Update: I've changed "/" to "div" and it gives me this:
Computations.hs:5:12: error:
• Couldn't match expected type ‘(Integer -> Integer -> Integer)
-> Integer -> Integer’
with actual type ‘Int’
• The function ‘(((i * 5) + 6) * 4 + 9) * 5’
is applied to two arguments,
but its type ‘Int’ has none
In the first argument of ‘(-)’, namely
‘((((i * 5) + 6) * 4 + 9) * 5) div 100’
In the first argument of ‘print’, namely
‘(((((i * 5) + 6) * 4 + 9) * 5) div 100 - 1)’
This part is strange: "The function ‘(((i * 5) + 6) * 4 + 9) * 5’ is applied to two arguments", why does haskell interpret it as a function?
Can anyone explain what the error means?
The precedence in your first line is off - infix functions (like /) usually have a higher precedence than normal ones, so print (...) / 100 is equivalent to (print ...) / 100, which is obviously problematic.

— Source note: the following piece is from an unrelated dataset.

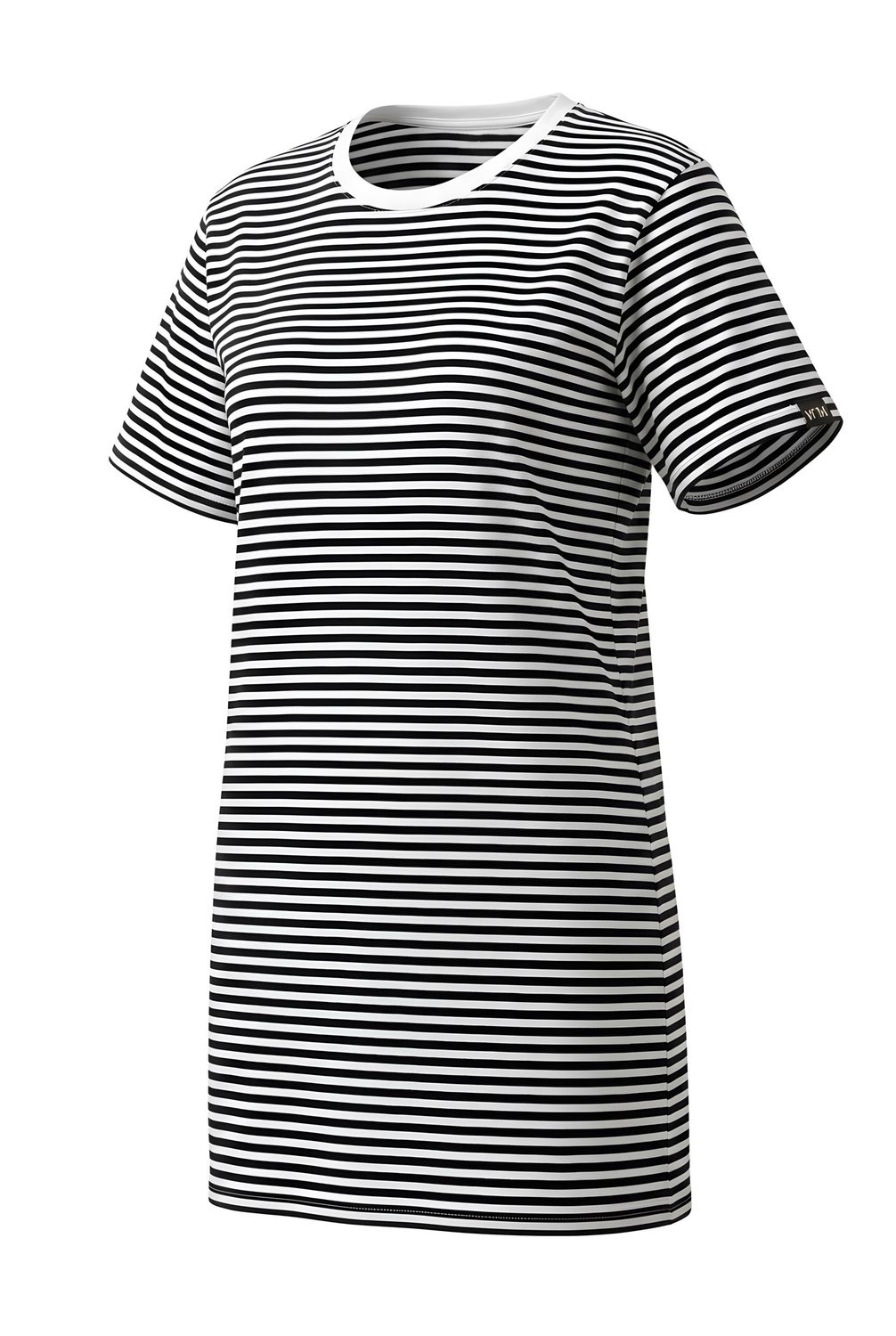 Shirtkleid ringelfein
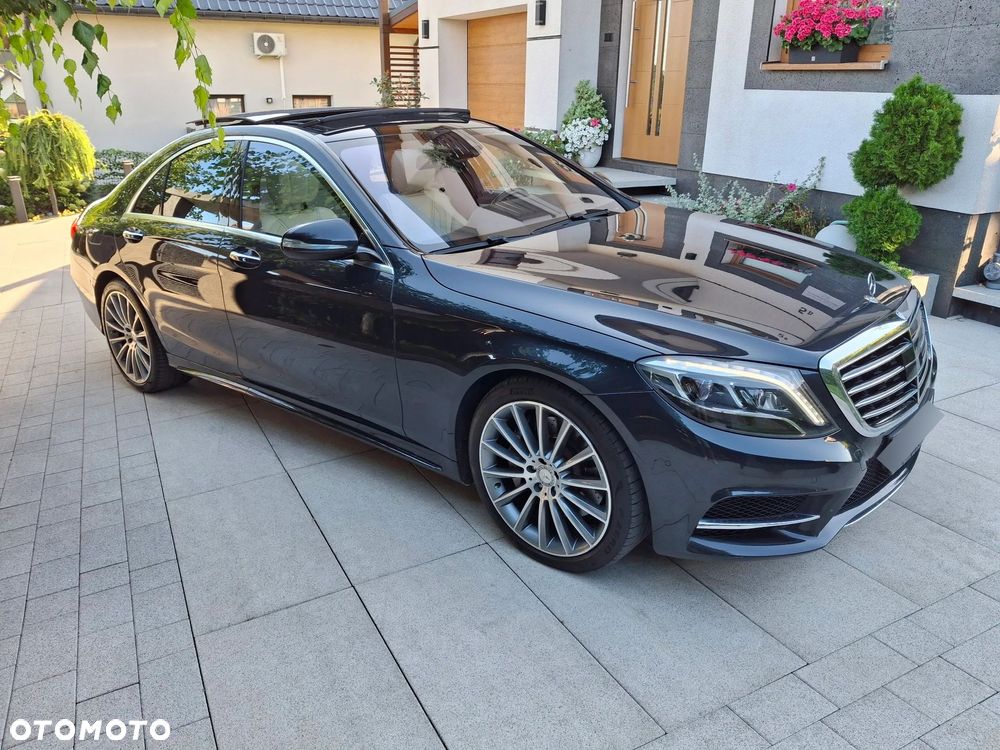 Mercedes-Benz Klasa S 500 4-Matic 7G-TRONIC - 4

You can wrap everything in brackets, or use the $ function:
print $ ((((i * 5) + 6) * 4 + 9) * 5) / 100 - 1
Now as you've constrained i to be an Int, this will still give an error: / is only defined for instances of the Fractional typeclass, and Int isn't. You want integer division, div or quot, which operates only on Integrals (of which Int is an instance) and perform truncation as you want:
print $ ((((i * 5) + 6) * 4 + 9) * 5) `div` 100 - 1
Note the backticks (`), which allow a normal function to be used infix. You could write this as:
print $ (div ((((i * 5) + 6) * 4 + 9) * 5) 100) - 1
But then the brackets are making things really hard to read.
Are there any other solutions better than truncating by a divisor?
In general probably not, but as mentioned on your other question, this particular equation will always give you the same result as your input, so you can just write:
main = getLine >>= print
How can I remove digits at arbitrary positions?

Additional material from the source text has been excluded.